P(X = r) = (nCr) * p^r * (1 - p)^(n - r)

Where:
n = number of trials
r = number of successes
p = probability of success in a single trial
nCr = combination formula

In this case, we have:
n = 100 (number of employable people)
r = 6 (number of unemployed people)
p = 0.058 (unemployment rate)

1) To find the probability that exactly six people are unemployed, we can substitute the values into the formula:

P(X = 6) = (100C6) * (0.058^6) * (1 - 0.058)^(100 - 6)

Using a calculator or statistical software to evaluate this expression, we get a probability of approximately 0.1852.

2) The probability of exactly six people being unemployed is the same as in question 1. It is approximately 0.1852.

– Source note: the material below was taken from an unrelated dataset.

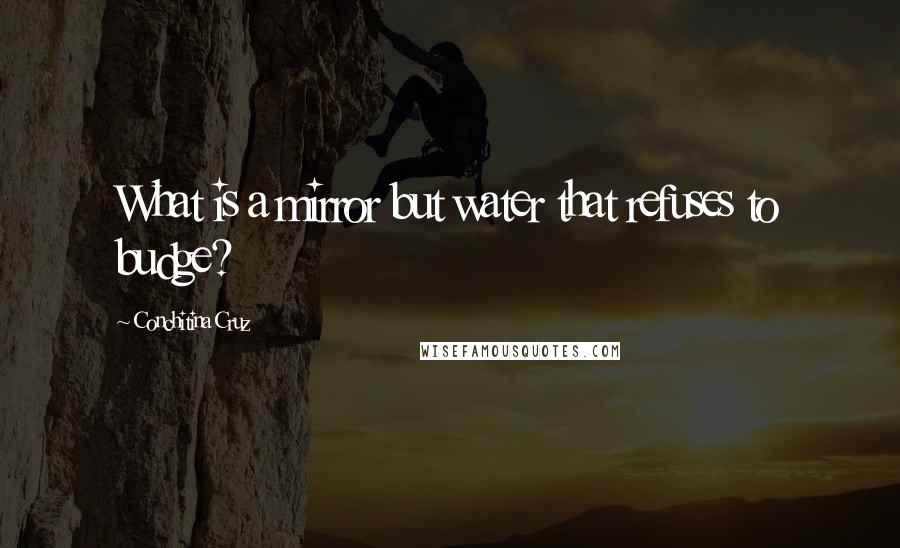 Conchitina Cruz Quotes: What is a mirror but water that refuses to budge?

3) To find the probability that at least four people are unemployed, we need to calculate the probabilities for four, five, and six people being unemployed, and add them together.

P(X ≥ 4) = P(X = 4) + P(X = 5) + P(X = 6)

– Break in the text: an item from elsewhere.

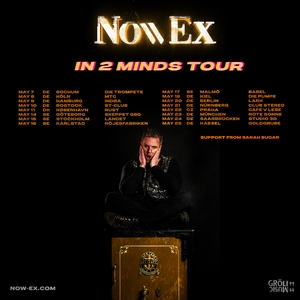 Now Ex Tickets, Tour Dates and Concerts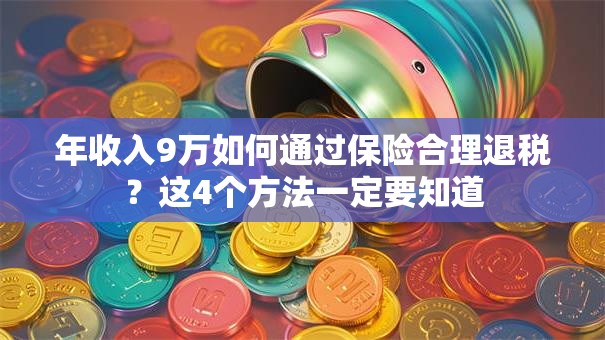 年收入9万如何通过保险合理退税？这4个方法一定要知道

We can use the same formula as before, but need to sum up the probabilities for each value of r.

P(X = 4) = (100C4) * (0.058^4) * (1 - 0.058)^(100 - 4)

P(X = 5) = (100C5) * (0.058^5) * (1 - 0.058)^(100 - 5)

P(X = 6) = (100C6) * (0.058^6) * (1 - 0.058)^(100 - 6)

After calculating these probabilities separately, we can add them together to get the final result.

P(X ≥ 4) = P(X = 4) + P(X = 5) + P(X = 6)

Using a calculator or statistical software, we get a probability of approximately 0.2403.

To answer these questions, we need to use the binomial probability formula. The formula for the probability of exactly x successes in n independent Bernoulli trials is:

P(X = x) = (nCx) * p^x * (1-p)^(n-x)

Where:
- n is the number of trials (in this case, the number of employable people)
- x is the number of successes (in this case, the number of unemployed people)
- p is the probability of success (in this case, the unemployment rate)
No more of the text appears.